Re: Draft Text on First Parties and Third Parties (ACTION-34, ISSUE-10, ISSUE-26, ISSUE-88)

Understood. I took my own notes, and we'll work from the minutes. If others would like to write up their proposed changes, that would be most helpful,

Jonathan

On Jan 4, 2012, at 3:46 PM, David Singer <singer@apple.com> wrote:

> To be clear, I only provide the edits I personally suggested;  I think all of us were asked to be precise about what we were suggesting, and I didn't do anyone else's suggestions.
> 
> On Jan 4, 2012, at 15:42 , Jonathan Robert Mayer wrote:
> 
>> Thanks for taking notes. Tom and I will revise the text to incorporate what we heard on today's call. Much of the focus was on the edge cases of mashups and inadvertantly embedded content - which strongly suggests to me that we're very close to consensus.
>> 
>> The two outstanding high-level concerns that I recall are:
>> 
>> 1) Are the standards we provide workable in practice? I believe close calls will be very rare, and only companies gaming the margin would have to consider surveying users. Heather was less sure. Heather, could you suggest a few common use cases that lead to a difficult analysis under the draft's standards?
>> 
>> 2) Shane suggested (and a few supported) moving to a user-is-able-to-discover-information standard for what's a party and what's a first or third party.

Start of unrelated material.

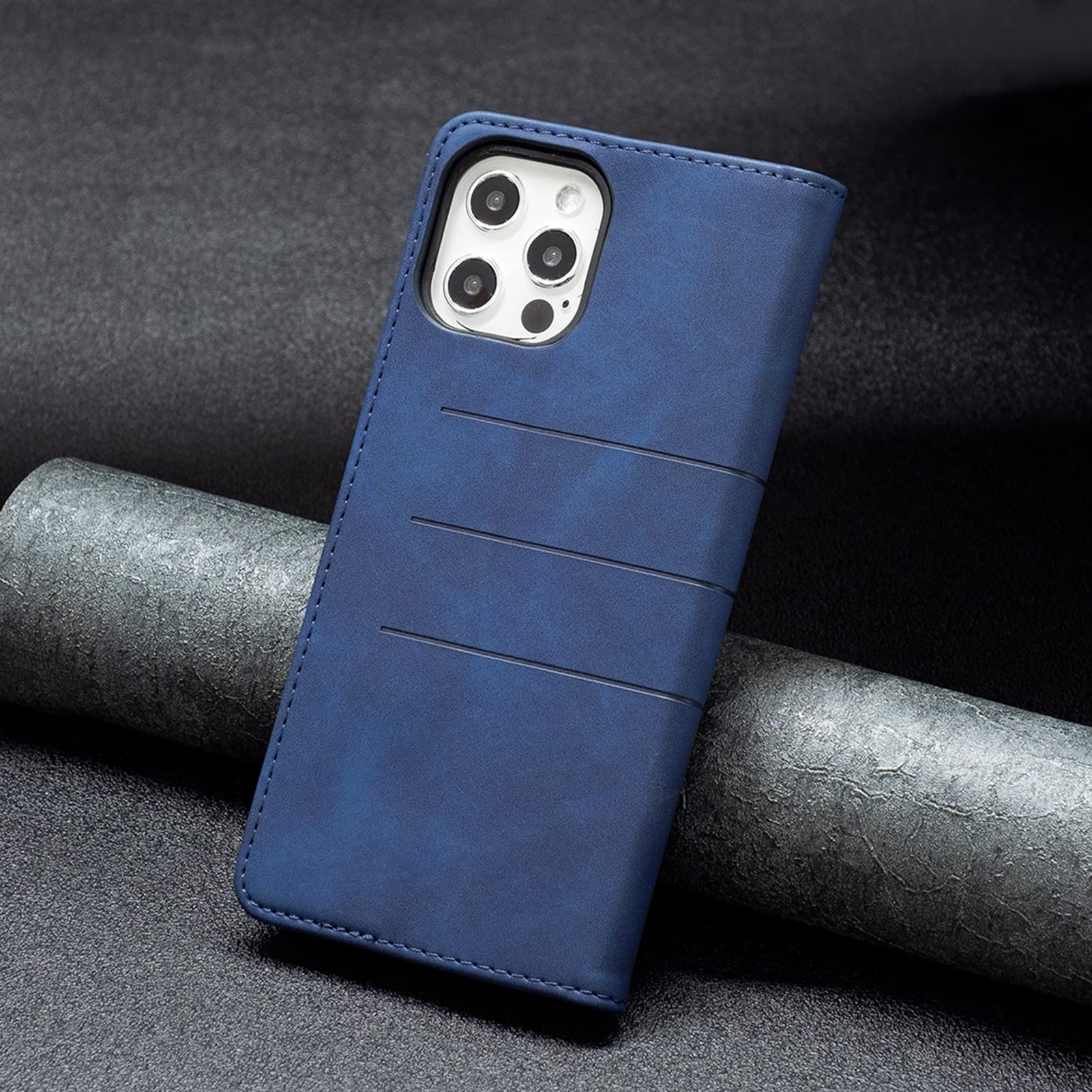 LTLGHYL Custodia a portafoglio per iPhone 13 Mini /13/13 Pro/13 Pro Max, custodia magnetica in pelle PU protettiva con slot per carte di credito antiurto TPU interno custodia, blu, 13 6,1 pollici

Shane, could you briefly sketch what this standard might look like and give a few examples where it would work a different result from our user expectations standard?
>> 
>> Jonathan
>> 
>> On Jan 4, 2012, at 1:27 PM, David Singer <singer@apple.com> wrote:
>> 
>>> Here are my comments/suggestions, after this morning's call.
>>> 
>>> 1) section 2.1.  Make clear that the user is a party, or specifically say that the definition defines parties that may be 1st or 3rd.
>>>   also raise an issue for a clear definition of what falls into the 2nd party?? (e.g. software or other agents acting on the user's behalf??)
>>> 
>>> 2) section 2.1.  Consider adding the condition that two separate legal entities cannot be considered a single party (in our context).
>>> 
>>> 3) section 2.1.  Add an issue that we may want to strengthen the definition to the point where it is testable.
>>> 
>>> 4) section 4.1.  Make the definitions of what is a 1st party a list of conditions, all of which apply.
>>> 
>>> 5) section 4.1.  Add to the list of conditions:
>>>   a) the user must be directly aware of the existence and identity of a separate entity, prior to their interaction.
>>>   b) the user's makes an independent choice to communicate/interact with the entity.
>>> 
>>> Counter-examples to (a) are a weather or other widget with no obvious branding or other evidence to show it came from another organization or entity; the user is not aware of a separate identity behind it.
>>> Counter-examples to (b) are where sites are mash-ups of unpredictable sources; the user, by visiting the mash-up, chose only the mashing site as the first party; until the user interacts further, the mashed sites are third parties (and rule (a) applies as well - the user must be aware that they are mashed in, and not sourced by the mashing site).
>>> 
>>> 
>>> 
>>> 
>>> On Dec 22, 2011, at 15:25 , Jonathan Mayer wrote:
>>> 
>>>> Tom and I have worked for several weeks on a comprehensive draft of the sections delineating first parties and third parties.  We attempted to reflect the approaching-consensus discussion at Santa Clara and on the email list.  Our draft includes both operative standards language and non-normative explanation and examples.  The text is formatted with the W3C template to better resemble how it would appear in the final document; please note that this is not an Editor's Draft (as the template might suggest).
>>>> 
>>>> Jonathan
>>>> 
>>>> <parties-draft-jm-tl.html>
>>>> 
>>> 
>>> David Singer
>>> Multimedia and Software Standards, Apple Inc.
>>> 
>> 
> 
> David Singer
> Multimedia and Software Standards, Apple Inc.